Starbucks has become a commodity. 80% of the orders are consumed off premises. In other words, most people coming into Starbucks are not coming in for the experience. The company seems to recognize the consequences of this approach, deciding to expand more rapidly overseas where the statistics are the reverse. 80% of orders are consumed on premises. In foreign countries, where homes and apartments are smaller and open spaces at a premium, Starbucks likely provides a meeting place that causes people to collect there and, concomitantly, buy and consume Starbucks products. This is not true in the United States.
As we have noted, Starbucks is increasingly an outlier in the US because it does not offer free Internet access (Peaberry's in Denver does, Caribou Coffee does, so does almost every independent coffee shop I've entered). This discourages those ubiquitous laptop users from planting themselves in the shop and buying product throughout the day. Do a small survey. Go into a variety of coffee shops (including Starbucks) and count the number of open laptops. Over any protracted period of time, Starbucks will lose.
How is the company responding? Starbucks has started a loyalty program, allowing for the purchase of cards that provide modest benefits (free flavors, two hours of Internet usage). In other words, as a commodity, they are trying to retain customer loyalty by offering small discounts.
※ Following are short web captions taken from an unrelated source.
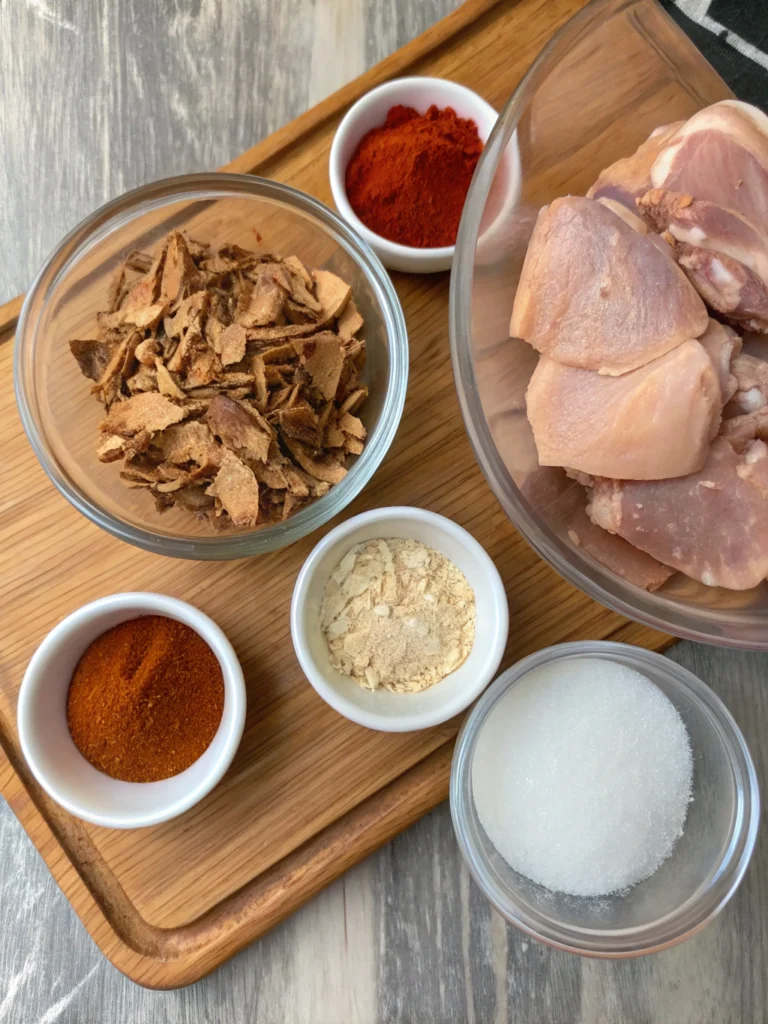 smoked chicken thighs recipeingredients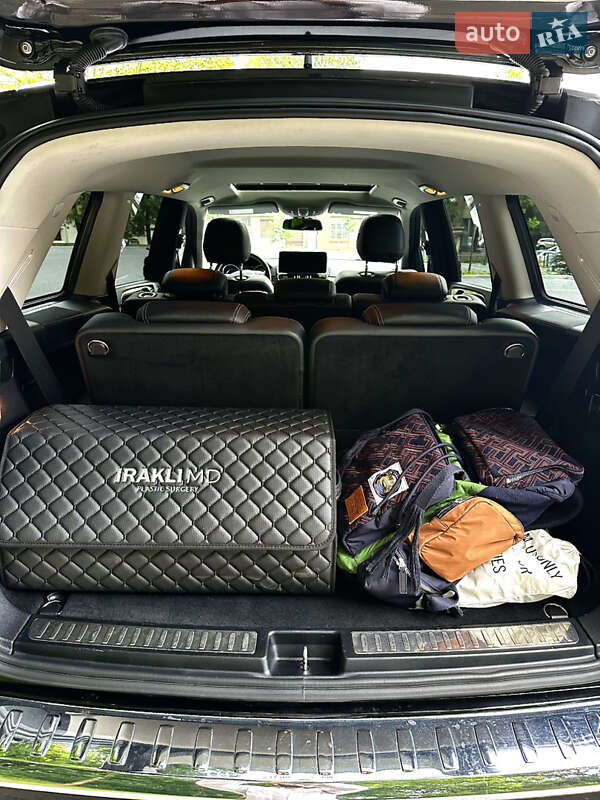 Внедорожник / Кроссовер Mercedes-Benz GL-Class 2015 в Киеве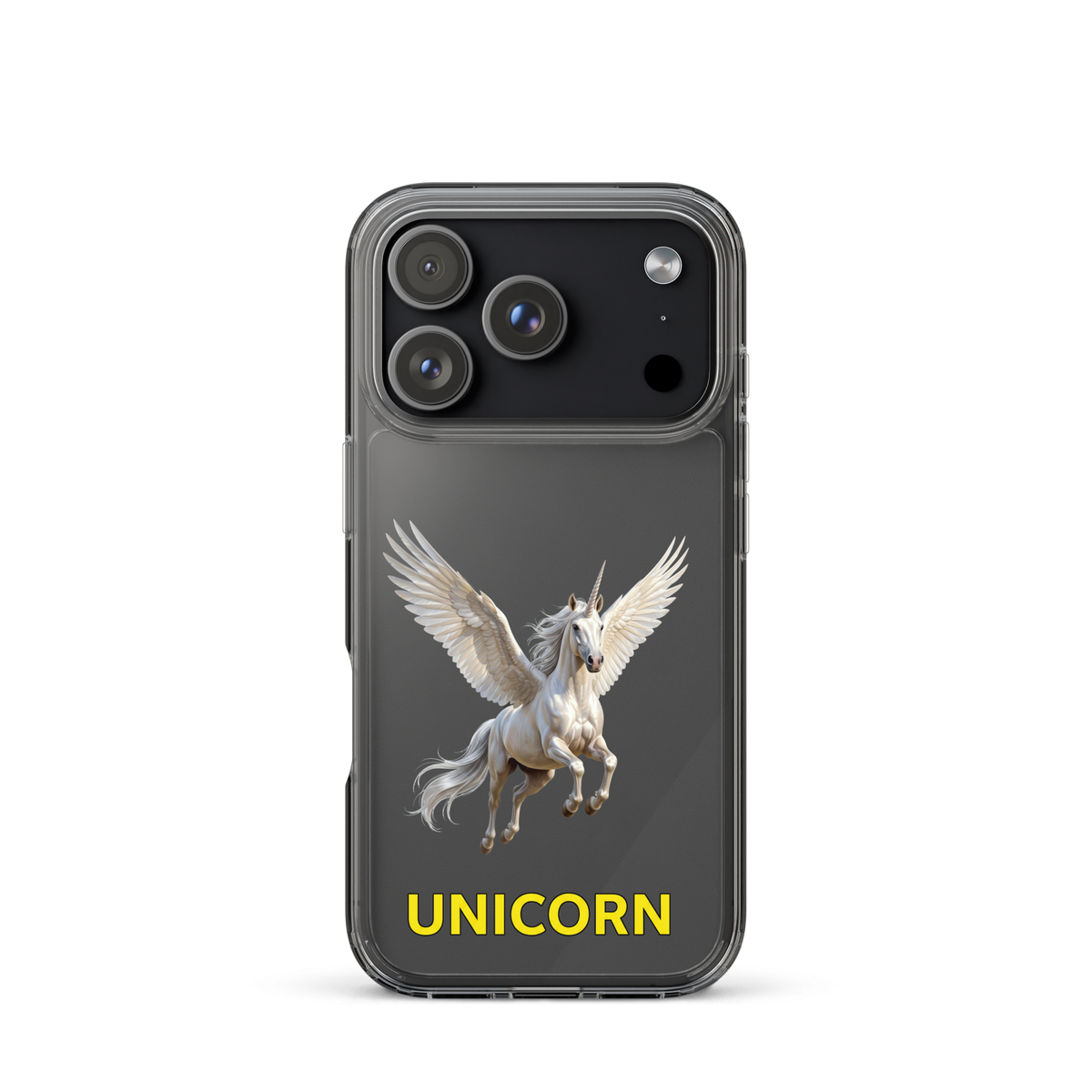 Unicorn Clear Case for iPhone®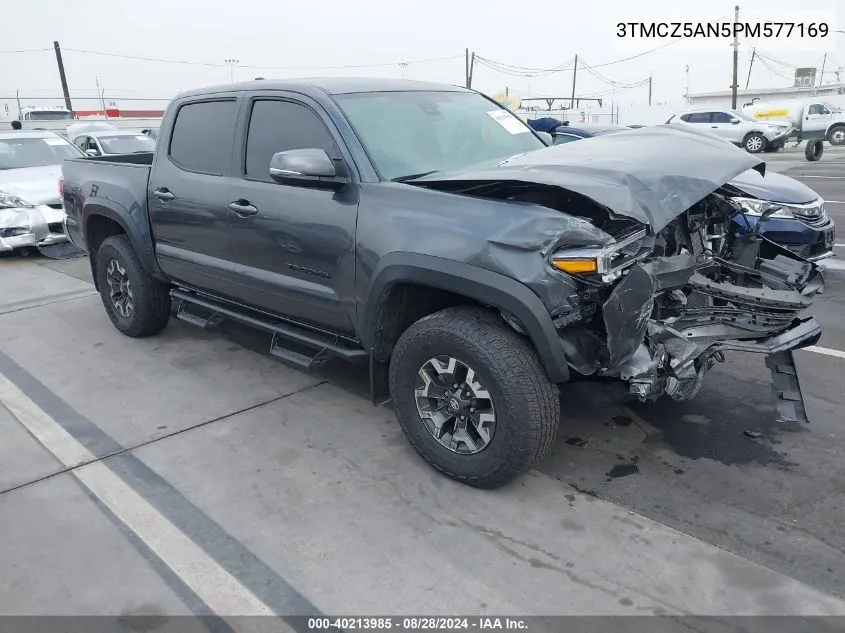 2023 Toyota Tacoma Trd Off Road VIN: 3TMCZ5AN5PM577169 Lot: 40213985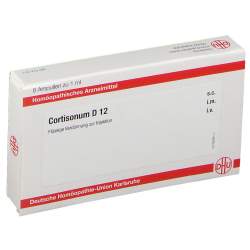 Cortisonum D12 DHU 8 Amp.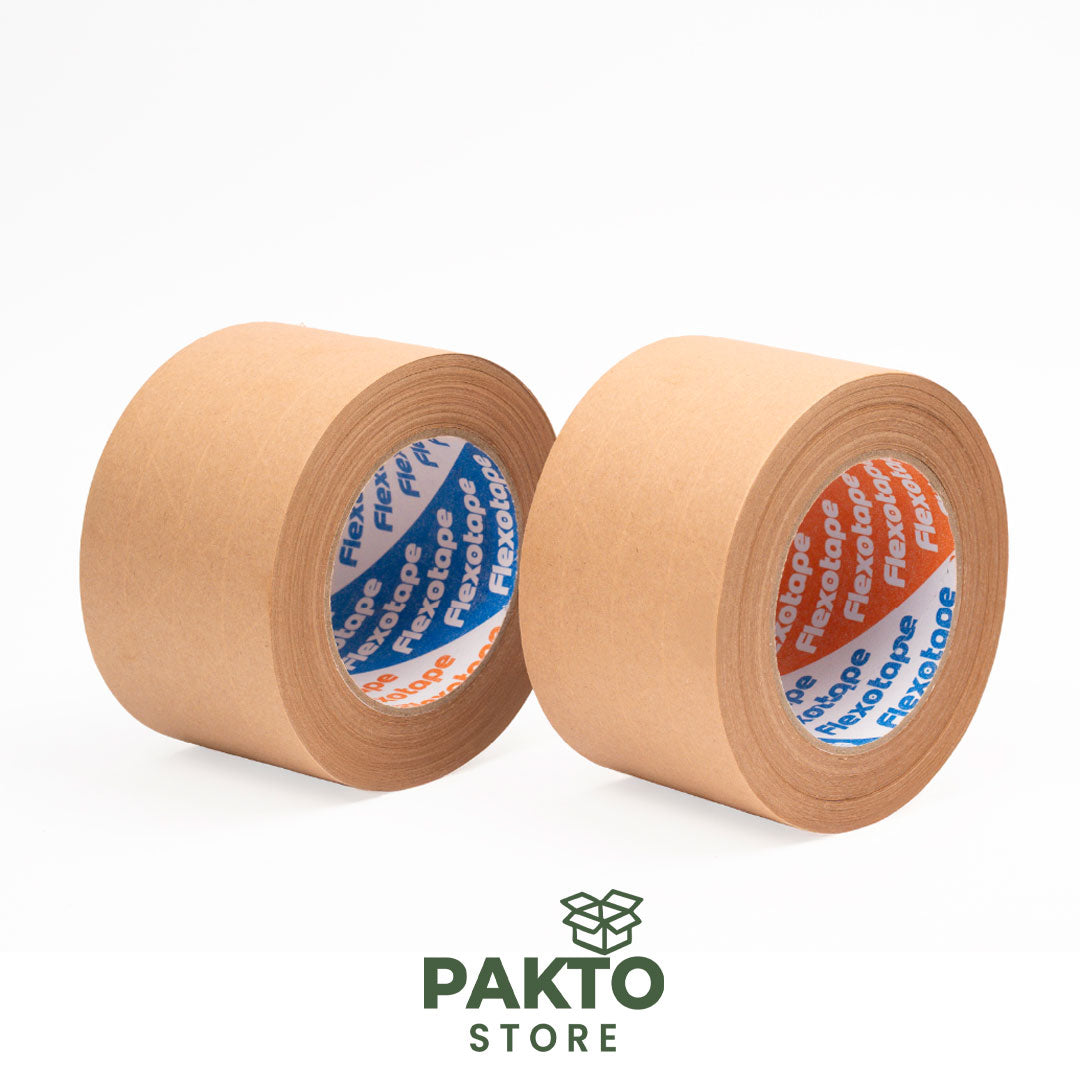 Cinta Kraft Reforzada Activada con Agua 72 mm × 45 m – 140 mic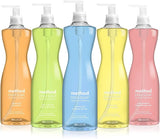 Dish Soap, Lime + Sea Salt, Biodegradable Formula, Tough on Grease, 18 Fl Oz (Pack of 1)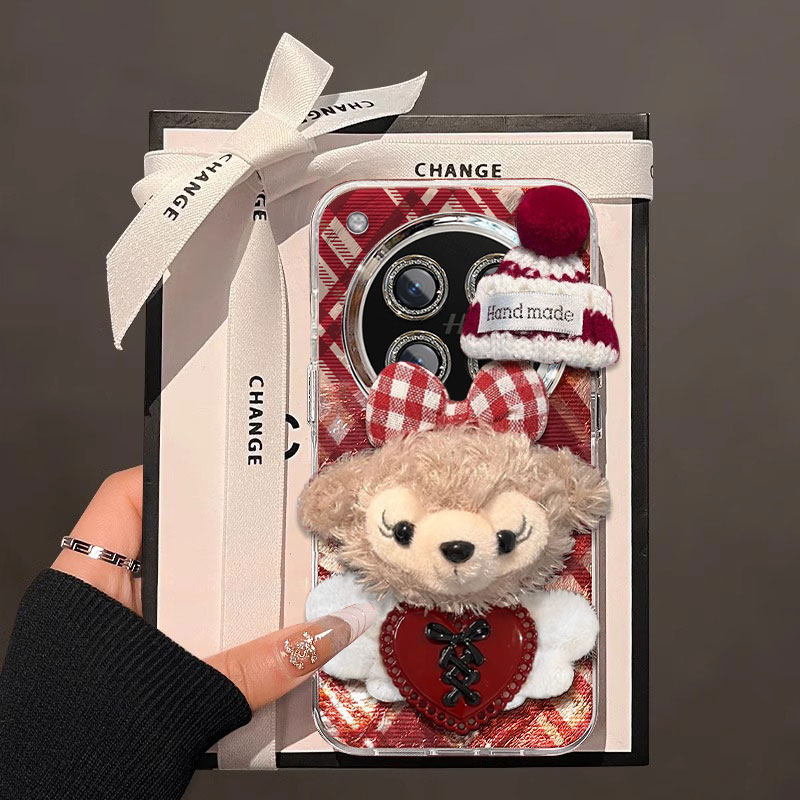 适用OPPOFindX8S手机壳X8S+毛绒雪莉玫X7ultra带挂绳公仔X6全包防摔X5保护套OPPO女款K13turbo可爱K12X卡通风,3C数码配件,手机保护套/壳,淘宝优惠券,粉丝福利购,淘宝优惠卷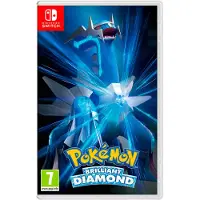 Games Switch Pokémon Brilliant Diamond Multicolore PAL Multicolore PAL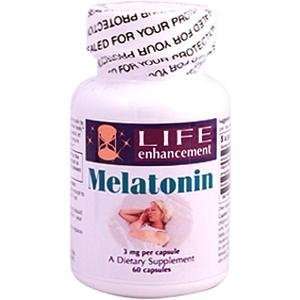  Melatonin, 3 mg, 60 Capsules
This is a strategy that can be easily matched by competitors and does nothing to reward repeat customers or encourage coffee drinkers to stay on the premises.
It is the opinion of this Blog that to maximize profits, Starbucks needs to differentiate itself from competitors, not offer small economic emoluments that can be easily matched. The answer is at Chipotle, the burrito company started here in Denver. Chipotle is not cheap, with an ordinary burrito easily costing about $6 -$7 dollars. Yet the company has robust growth in part because of the experience associated with eating in the establishment. It is hard not to know that the burrito is made with free range chicken and organic ingredients, socially responsible and healthy. Indeed, the company has just announced that it will begin to buy produce from local producers. See Denver Post, June 19, 2008 ("This summer, Chipotle is purchasing 25 percent of at least one produce item for each of its stores from small and midsize farms within about 200 miles.").
Chipotle has no loyalty program, no free guacamole. But it does have increased earnings. Rather than foregoing payments for flavors or soy milk, would Starbucks be better off using the funds to engage in more socially responsible activity and let customers know that the purchase of each latte results in a social good? Ought Starbucks to place greater emphasis on employees (the company apparently already provides health benefits and options to part time employees) and let its customers know that each latte goes to the payment of a living wage? This Blog thinks that it should and that the behavior will help earnings more than free soy milk.